Selective degeneration of motor neurons driven by multiple converging mechanisms: TDP-43 cytoplasmic aggregation, glutamate excitotoxicity, mitochondrial dysfunction, oxidative stress, impaired protein homeostasis, neuroinflammation, and disturbed RNA processing. C9orf72 GGGGCC repeat expansion is the most common genetic cause and overlaps with frontotemporal dementia.

Clinical presentation

Symptoms

Limb-onset (~70%): asymmetric weakness, foot drop, hand clumsiness, muscle wasting
Bulbar-onset (~25%): dysarthria, dysphagia, tongue fasciculations, sialorrhea
Respiratory-onset (~5%): exertional dyspnea, orthopnea, morning headaches from nocturnal hypoventilation
Cramps and fasciculations precede or accompany weakness
Pseudobulbar affect — involuntary crying/laughing disproportionate to mood
Cognitive change in 30-50% (executive dysfunction); frank FTD in ~15%

Signs / physical exam

Upper motor neuron: spasticity, hyperreflexia, Babinski sign, jaw jerk, spastic dysarthria
Lower motor neuron: atrophy, fasciculations (especially tongue), flaccid weakness, hyporeflexia in wasted muscles
Forced vital capacity and sniff nasal inspiratory pressure decline as diaphragm weakens
Sensation, eye movements, and sphincter function preserved

Classic findings

Mixed UMN and LMN findings in the same body region (e.g., a wasted, fasciculating, hyperreflexic forearm) in an adult without sensory loss.

Differential diagnosis

Cervical spondylotic myelopathy — Mimics UMN+LMN at upper extremity level but produces sensory level and bowel/bladder dysfunction; MRI shows cord compression — surgically treatable
Multifocal motor neuropathy with conduction block — Pure LMN, asymmetric, conduction block on NCS, anti-GM1 antibodies, responds to IVIG
Inclusion body myositis — Asymmetric weakness of finger flexors and quadriceps, elevated CK, characteristic vacuoles on biopsy
Myasthenia gravis — Fatigable weakness, ocular involvement, response to edrophonium/ice pack, AChR antibodies
Spinal muscular atrophy (adult-onset) — Pure LMN, more slowly progressive, SMN1 deletion
Kennedy disease (spinobulbar muscular atrophy) — X-linked, bulbar and proximal weakness with gynecomastia, infertility, perioral fasciculations; CAG repeat in AR gene
Lyme, HIV, syphilis, lead, heavy metals, hyperthyroidism — Reversible mimics — screen routinely to avoid missing a treatable cause

Diagnostic workup

Diagnostic criteria

Gold Coast criteria (2020): progressive motor impairment + UMN and LMN dysfunction in ≥1 body region OR LMN dysfunction in ≥2 body regions + exclusion of mimics.
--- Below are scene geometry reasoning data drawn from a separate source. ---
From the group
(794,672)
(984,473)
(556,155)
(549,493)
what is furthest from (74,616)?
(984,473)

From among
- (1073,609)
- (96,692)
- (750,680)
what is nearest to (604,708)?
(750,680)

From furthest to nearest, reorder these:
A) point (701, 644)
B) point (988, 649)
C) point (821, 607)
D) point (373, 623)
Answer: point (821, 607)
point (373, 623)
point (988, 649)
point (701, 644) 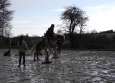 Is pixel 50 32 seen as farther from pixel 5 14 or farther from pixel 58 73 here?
pixel 5 14

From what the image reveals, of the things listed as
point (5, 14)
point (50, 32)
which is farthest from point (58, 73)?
point (5, 14)

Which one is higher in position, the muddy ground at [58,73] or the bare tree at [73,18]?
the bare tree at [73,18]

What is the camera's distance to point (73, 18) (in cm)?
5372

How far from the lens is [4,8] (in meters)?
45.8

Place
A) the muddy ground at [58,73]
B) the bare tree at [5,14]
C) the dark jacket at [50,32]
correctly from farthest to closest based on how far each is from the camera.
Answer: the bare tree at [5,14], the dark jacket at [50,32], the muddy ground at [58,73]

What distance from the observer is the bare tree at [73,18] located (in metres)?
53.7

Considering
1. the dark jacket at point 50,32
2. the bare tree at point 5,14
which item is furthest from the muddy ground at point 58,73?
the bare tree at point 5,14

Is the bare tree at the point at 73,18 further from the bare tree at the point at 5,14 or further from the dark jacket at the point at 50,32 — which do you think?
the dark jacket at the point at 50,32

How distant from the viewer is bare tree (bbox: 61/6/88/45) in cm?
5372

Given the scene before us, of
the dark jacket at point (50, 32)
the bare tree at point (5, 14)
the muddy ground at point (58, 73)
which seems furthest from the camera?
the bare tree at point (5, 14)

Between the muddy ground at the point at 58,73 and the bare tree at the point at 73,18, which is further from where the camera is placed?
the bare tree at the point at 73,18

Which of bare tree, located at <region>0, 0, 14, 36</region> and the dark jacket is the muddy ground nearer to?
the dark jacket

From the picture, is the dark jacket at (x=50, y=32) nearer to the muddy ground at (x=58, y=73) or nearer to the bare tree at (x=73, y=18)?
the muddy ground at (x=58, y=73)

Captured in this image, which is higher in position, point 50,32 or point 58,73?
point 50,32
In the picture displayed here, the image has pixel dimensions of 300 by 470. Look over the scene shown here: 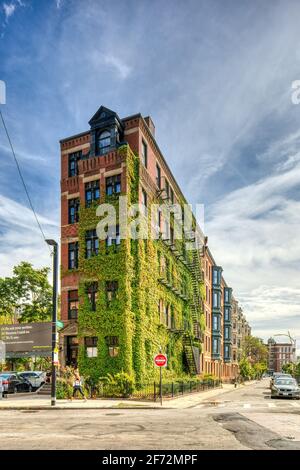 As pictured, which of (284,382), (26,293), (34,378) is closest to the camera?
(284,382)

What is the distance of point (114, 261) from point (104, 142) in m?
8.93

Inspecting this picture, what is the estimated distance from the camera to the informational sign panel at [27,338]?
2900 cm

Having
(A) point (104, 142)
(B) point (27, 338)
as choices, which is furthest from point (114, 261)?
(A) point (104, 142)

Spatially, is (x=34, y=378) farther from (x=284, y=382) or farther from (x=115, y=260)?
(x=284, y=382)

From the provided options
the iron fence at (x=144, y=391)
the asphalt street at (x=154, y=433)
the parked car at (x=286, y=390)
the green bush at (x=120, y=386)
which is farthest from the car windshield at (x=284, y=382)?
the asphalt street at (x=154, y=433)

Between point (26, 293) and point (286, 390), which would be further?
point (26, 293)

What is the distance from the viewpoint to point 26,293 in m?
51.2

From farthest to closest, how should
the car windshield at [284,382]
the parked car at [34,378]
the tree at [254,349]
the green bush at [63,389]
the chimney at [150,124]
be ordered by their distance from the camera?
the tree at [254,349] < the chimney at [150,124] < the parked car at [34,378] < the car windshield at [284,382] < the green bush at [63,389]

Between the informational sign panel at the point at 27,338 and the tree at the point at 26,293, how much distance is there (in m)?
20.5

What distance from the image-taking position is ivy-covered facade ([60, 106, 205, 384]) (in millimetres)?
29141

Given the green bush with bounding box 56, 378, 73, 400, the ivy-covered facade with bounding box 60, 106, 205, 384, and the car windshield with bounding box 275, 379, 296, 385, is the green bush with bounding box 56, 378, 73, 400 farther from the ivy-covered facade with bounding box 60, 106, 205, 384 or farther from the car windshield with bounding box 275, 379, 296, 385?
the car windshield with bounding box 275, 379, 296, 385

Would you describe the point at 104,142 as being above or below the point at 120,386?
above

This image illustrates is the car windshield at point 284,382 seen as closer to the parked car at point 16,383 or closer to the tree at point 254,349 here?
the parked car at point 16,383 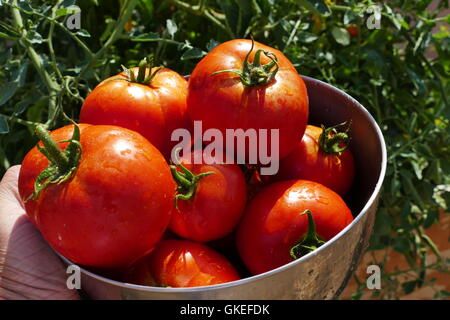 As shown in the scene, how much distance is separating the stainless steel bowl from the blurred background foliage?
0.30m

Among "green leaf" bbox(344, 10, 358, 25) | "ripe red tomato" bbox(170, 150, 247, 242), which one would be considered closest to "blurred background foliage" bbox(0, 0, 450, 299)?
"green leaf" bbox(344, 10, 358, 25)

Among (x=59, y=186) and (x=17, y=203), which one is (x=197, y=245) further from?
(x=17, y=203)

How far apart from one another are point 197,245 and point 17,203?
27 cm

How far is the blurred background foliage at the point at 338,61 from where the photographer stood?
0.96 m

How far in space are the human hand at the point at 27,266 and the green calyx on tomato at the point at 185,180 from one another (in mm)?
171

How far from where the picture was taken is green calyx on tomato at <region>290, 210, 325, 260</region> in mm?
559

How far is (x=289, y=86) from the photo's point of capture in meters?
0.61

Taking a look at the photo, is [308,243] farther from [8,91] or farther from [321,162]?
[8,91]

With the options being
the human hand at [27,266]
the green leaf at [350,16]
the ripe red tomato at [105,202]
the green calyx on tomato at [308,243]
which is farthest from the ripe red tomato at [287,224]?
the green leaf at [350,16]

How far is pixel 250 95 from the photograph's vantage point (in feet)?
1.97

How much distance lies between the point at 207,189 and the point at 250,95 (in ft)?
0.37

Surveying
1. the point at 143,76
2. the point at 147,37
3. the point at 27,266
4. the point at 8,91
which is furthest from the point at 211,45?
the point at 27,266

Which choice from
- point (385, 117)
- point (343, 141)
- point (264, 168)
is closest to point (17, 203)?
point (264, 168)

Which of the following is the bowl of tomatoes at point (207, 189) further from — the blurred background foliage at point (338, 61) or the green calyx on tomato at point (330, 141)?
the blurred background foliage at point (338, 61)
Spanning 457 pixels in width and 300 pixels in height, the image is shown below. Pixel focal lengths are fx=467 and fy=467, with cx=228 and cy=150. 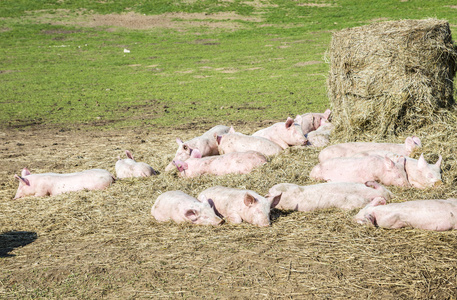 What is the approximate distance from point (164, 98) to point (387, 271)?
→ 39.3 feet

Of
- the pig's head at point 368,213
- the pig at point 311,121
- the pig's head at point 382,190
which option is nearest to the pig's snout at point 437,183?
the pig's head at point 382,190

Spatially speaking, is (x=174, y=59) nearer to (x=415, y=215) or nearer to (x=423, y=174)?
(x=423, y=174)

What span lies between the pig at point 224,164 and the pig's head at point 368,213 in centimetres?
226

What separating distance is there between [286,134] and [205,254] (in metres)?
4.24

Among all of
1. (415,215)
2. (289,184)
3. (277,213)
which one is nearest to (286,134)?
(289,184)

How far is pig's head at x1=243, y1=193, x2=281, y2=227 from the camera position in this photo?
5000 mm

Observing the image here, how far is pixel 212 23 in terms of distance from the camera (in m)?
30.8

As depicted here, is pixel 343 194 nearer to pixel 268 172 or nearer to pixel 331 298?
pixel 268 172

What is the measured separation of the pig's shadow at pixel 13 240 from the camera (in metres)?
4.83

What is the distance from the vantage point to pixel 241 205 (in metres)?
5.23

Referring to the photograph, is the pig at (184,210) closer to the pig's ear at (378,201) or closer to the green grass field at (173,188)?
the green grass field at (173,188)

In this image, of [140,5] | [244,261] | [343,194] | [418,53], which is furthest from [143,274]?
[140,5]

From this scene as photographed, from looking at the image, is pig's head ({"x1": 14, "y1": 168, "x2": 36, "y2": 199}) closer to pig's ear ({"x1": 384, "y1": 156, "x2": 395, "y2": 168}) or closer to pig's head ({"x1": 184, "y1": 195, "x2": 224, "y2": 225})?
pig's head ({"x1": 184, "y1": 195, "x2": 224, "y2": 225})

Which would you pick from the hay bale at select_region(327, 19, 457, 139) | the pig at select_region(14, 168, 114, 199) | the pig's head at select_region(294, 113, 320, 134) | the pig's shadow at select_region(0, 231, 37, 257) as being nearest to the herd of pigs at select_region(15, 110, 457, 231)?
the pig at select_region(14, 168, 114, 199) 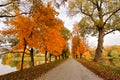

EMG demonstrates active denervation (fibrillations, positive sharp waves) and chronic reinnervation (large motor unit potentials) in multiple body regions.

Labs

CK (mildly elevated in many), TSH, B12, HIV, RPR, Lyme serologies
SPEP/immunofixation to exclude paraproteinemia-related neuropathy
Anti-GM1 antibodies if MMN suspected
Genetic testing (SOD1, C9orf72, FUS, TARDBP) particularly with family history or before tofersen consideration

Imaging

MRI brain and full spine to exclude structural mimics (compression, demyelination, syrinx)

Diagnostic algorithm

flowchart TD
  A[Progressive painless<br/>weakness in adult] --> B[Exam: UMN + LMN<br/>signs, no sensory loss]
  B --> C[MRI brain/spine<br/>+ labs to exclude mimics]
  C --> D[EMG/NCS:<br/>denervation in<br/>multiple regions]
  D --> E{Gold Coast<br/>criteria met?}
  E -->|Yes| F[ALS diagnosis]
  E -->|No| G[Re-evaluate;<br/>consider mimics]
  F --> H[Multidisciplinary clinic<br/>+ riluzole ± edaravone<br/>± tofersen if SOD1]
  H --> I[Serial FVC,<br/>BiPAP, PEG,<br/>palliative care]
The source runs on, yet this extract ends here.